**What to work on**
Give the data below again exactly as it stands. Omit the pictures.

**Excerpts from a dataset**
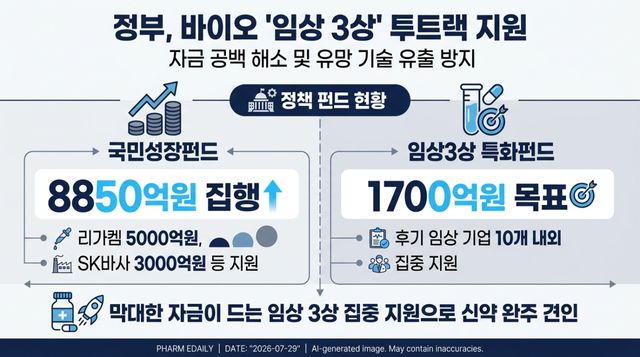 [본 이미지는 AI 기술을 활용해 제작되었습니다.]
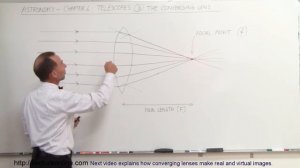 Astronomy - Ch. 6: Telescopes (3 of 21) Converging Lens and the Telescope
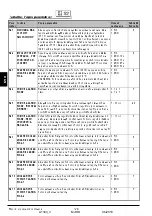 Preview for 128 page of Thermo Solar SGC36HV Useu Manual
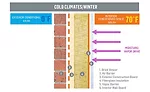 Air & Vapor Barriers
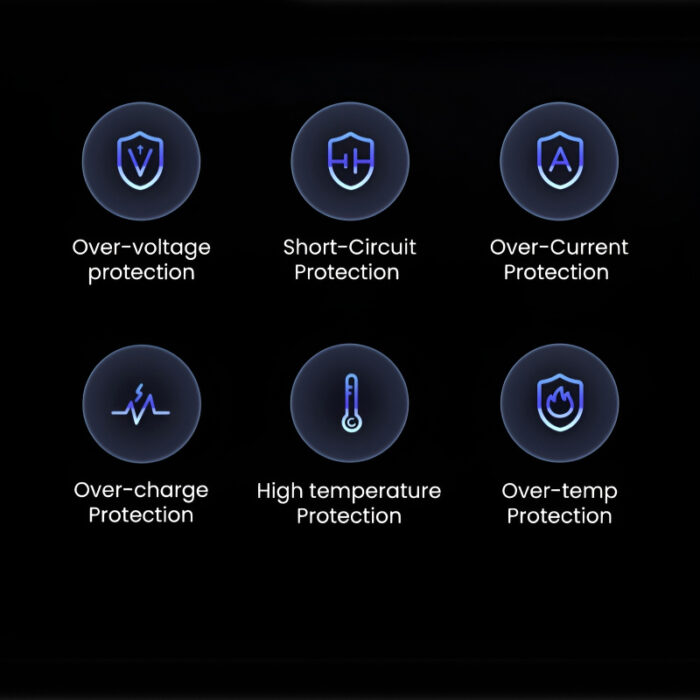 UGREEN PB311 10000mAh 20W Portable Power Bank with Two-Way Fast Charging and Advanced Safety Features - Image 16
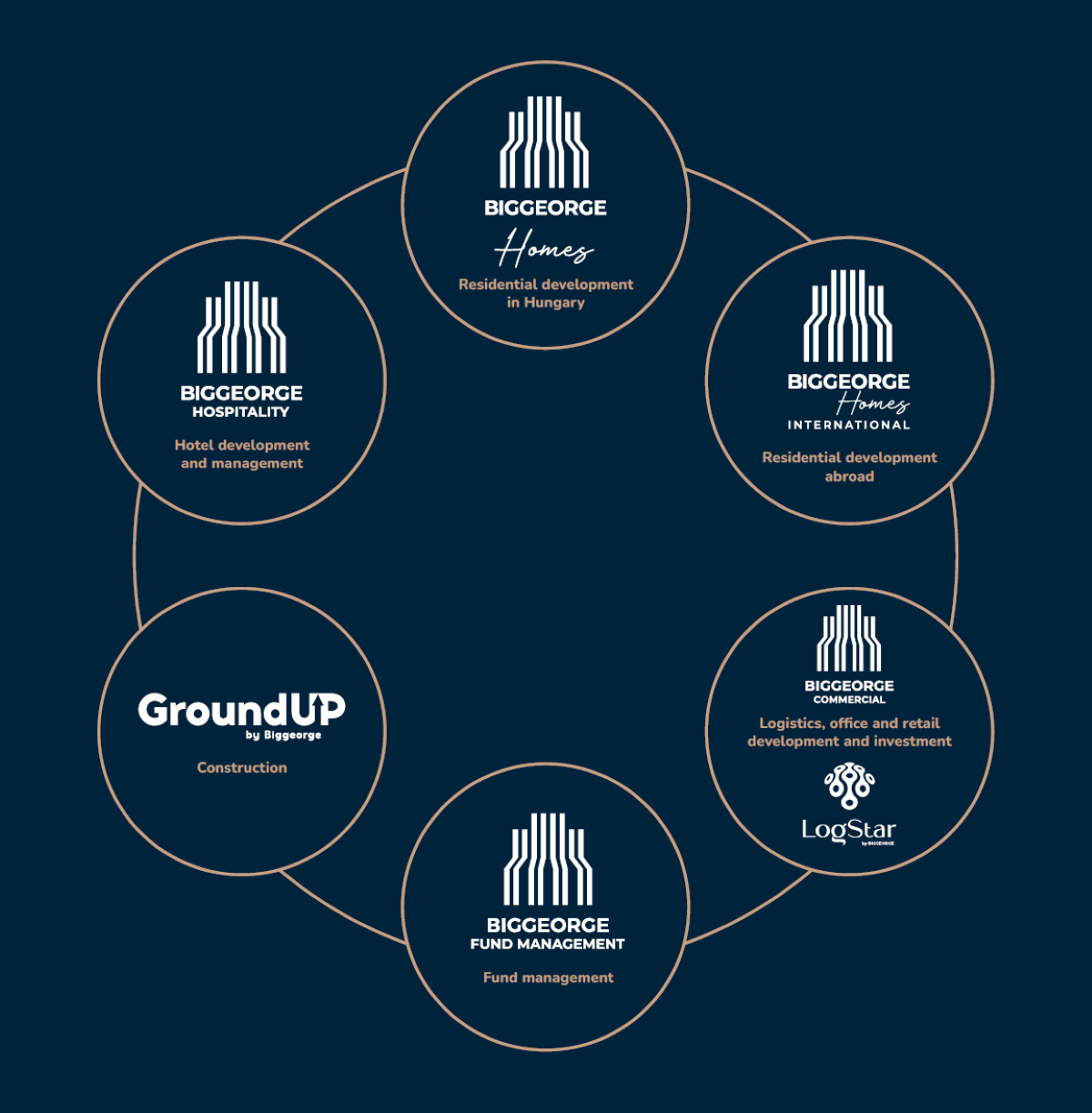 Cégstruktúra Épület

**Answer space**
 [본 이미지는 AI 기술을 활용해 제작되었습니다.]
 Astronomy - Ch. 6: Telescopes (3 of 21) Converging Lens and the Telescope
 Preview for 128 page of Thermo Solar SGC36HV Useu Manual
 Air & Vapor Barriers
 UGREEN PB311 10000mAh 20W Portable Power Bank with Two-Way Fast Charging and Advanced Safety Features - Image 16
 Cégstruktúra Épület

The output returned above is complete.